Solomon interviewed several hundred families, and the contribution of his book is the depth and authenticity of their stories. A skilled listener, he succeeds in eliciting thoughts and emotions rarely revealed except to a trusted confidant. Far from the Tree is a feat of reportage.
In the opening chapter, “Son,” Solomon focuses his narrative lens on himself. He was raised knowing he was Jewish, but his mother despised this vertical identity. Her self-hate proved contagious:
I learned to hate this aspect of my identity profoundly and early because that crouching posture echoed a family response to a vertical identity. My mother thought it was undesirable to be Jewish. She had learned this view from my grandfather, who kept his religion secret so he could hold a high-level job in a company that did not employ Jews. He belonged to a suburban country club where Jews were not welcome…. She chose to marry my Jewish father and live in a largely Jewish world, but she carried the anti-Semitism within her…. Her method of rueful self-doubt was organized for me around being gay: I inherited her gift for discomfort.

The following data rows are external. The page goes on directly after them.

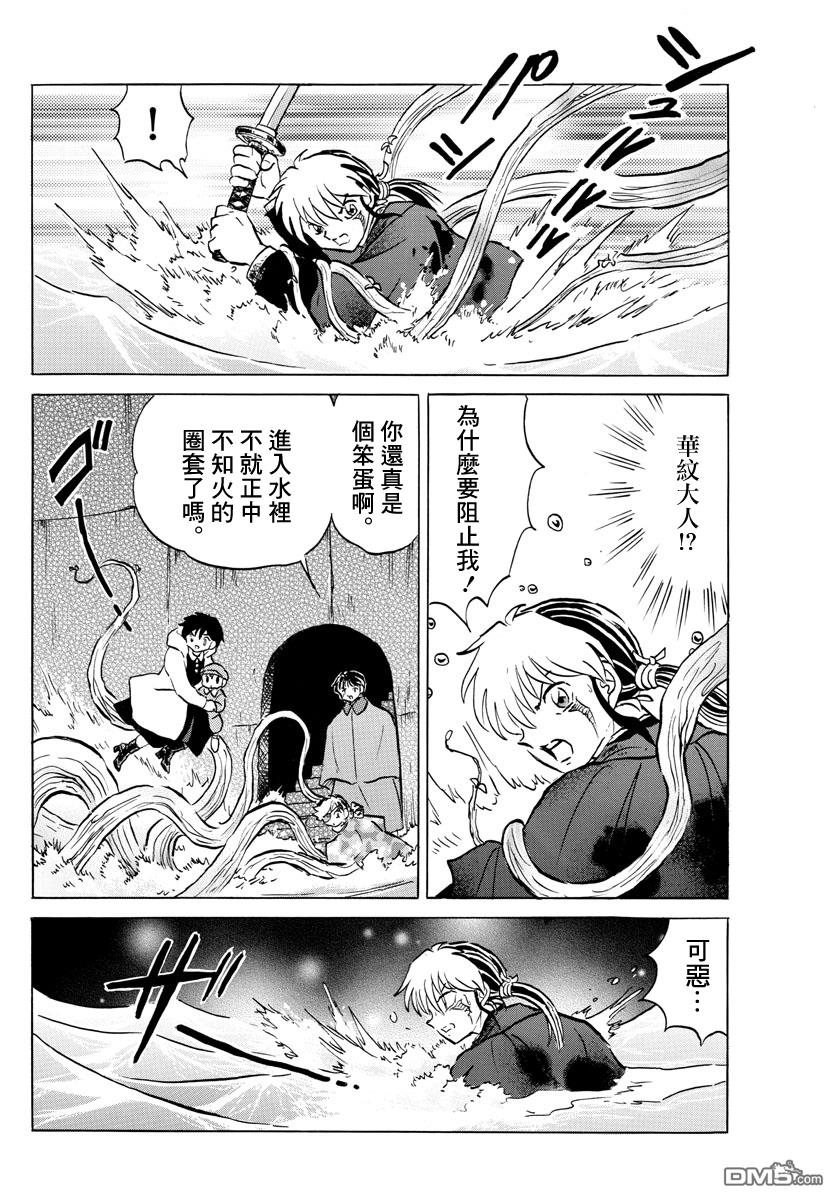 摩绪第50话在线观看 - 第16张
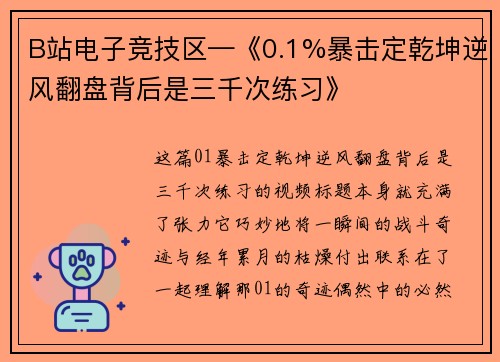 B站电子竞技区—《0.1%暴击定乾坤逆风翻盘背后是三千次练习》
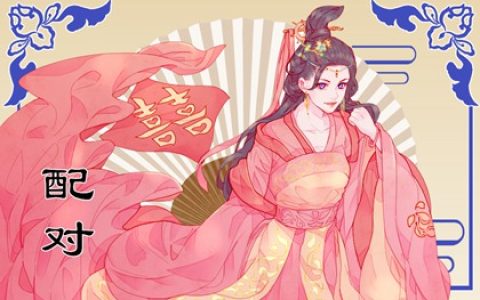 辰时和辰时婚姻合吗 婚姻发展情况好吗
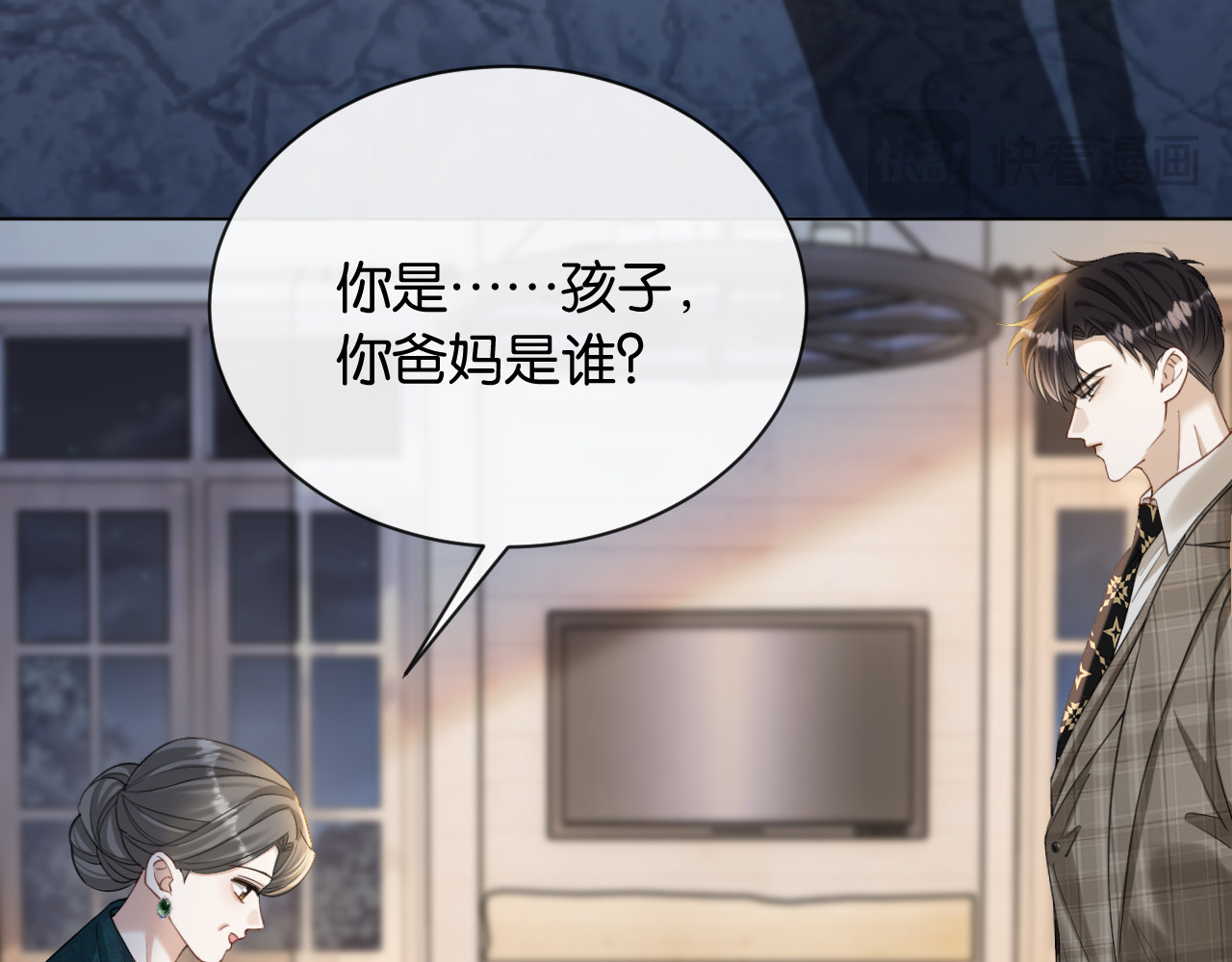 第3话 休想抢走我的孩子 第 56 页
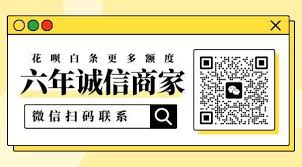 美团月付叫外卖如何付款
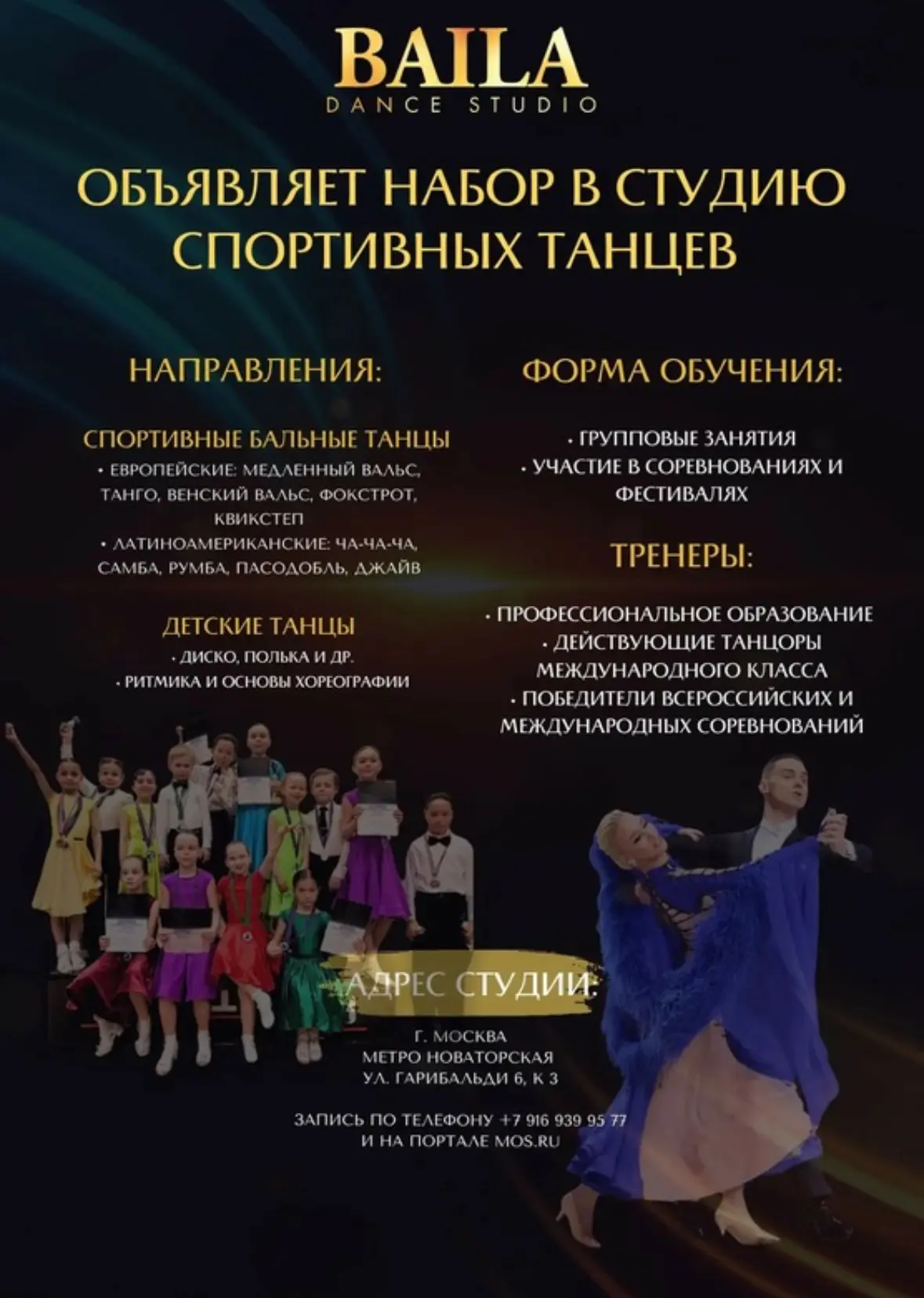 🥁Юные танцоры и их родители приготовьтесь!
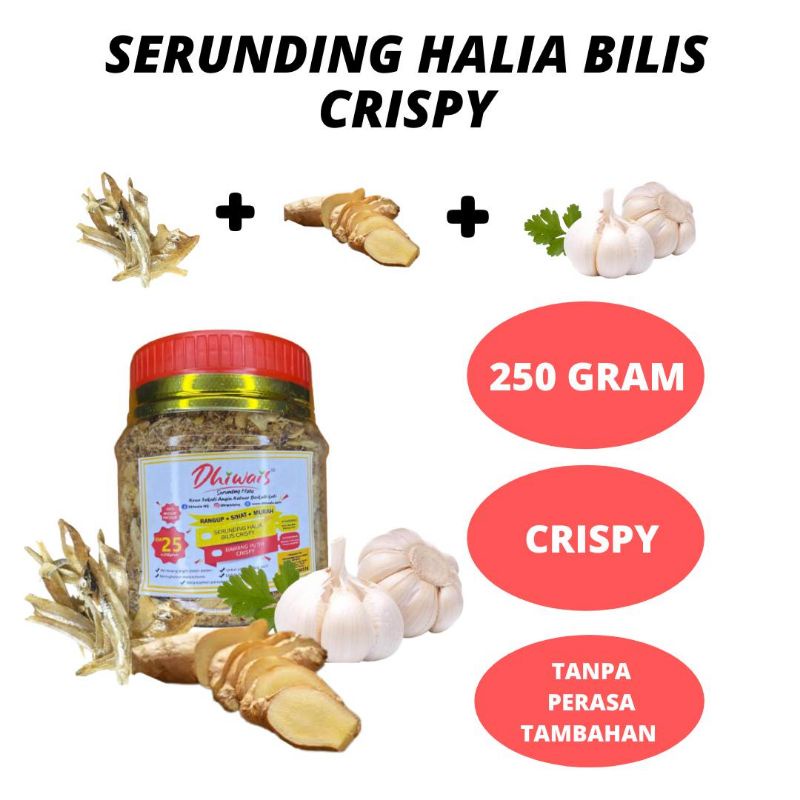 DHIWAIS SERUNDING HALIA BILIS CRISPY Makanan Berkhasiat Untuk Pantang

Solomon enlivens this sober recounting with graphic humor:
When I was nineteen, I read an ad in the back of New York magazine that offered surrogate therapy for people who had issues with sex…. Taking my savings to a walk-up office in Hell’s Kitchen, I subjected myself to long conversations about my sexual anxieties, unable to admit to myself or the so-called therapist that I was actually just not interested in women. I didn’t mention the busy sexual life I had by this time with men. I began “counseling” with people I was encouraged to call “doctors,” who would prescribe “exercises” with my “surrogates”—women who were not exactly prostitutes but who were also not exactly anything else. In one protocol, I had to crawl around naked on all fours pretending to be a dog while the surrogate pretended to be a cat; the metaphor of enacting intimacy between mutually averse species is more loaded than I noticed at the time….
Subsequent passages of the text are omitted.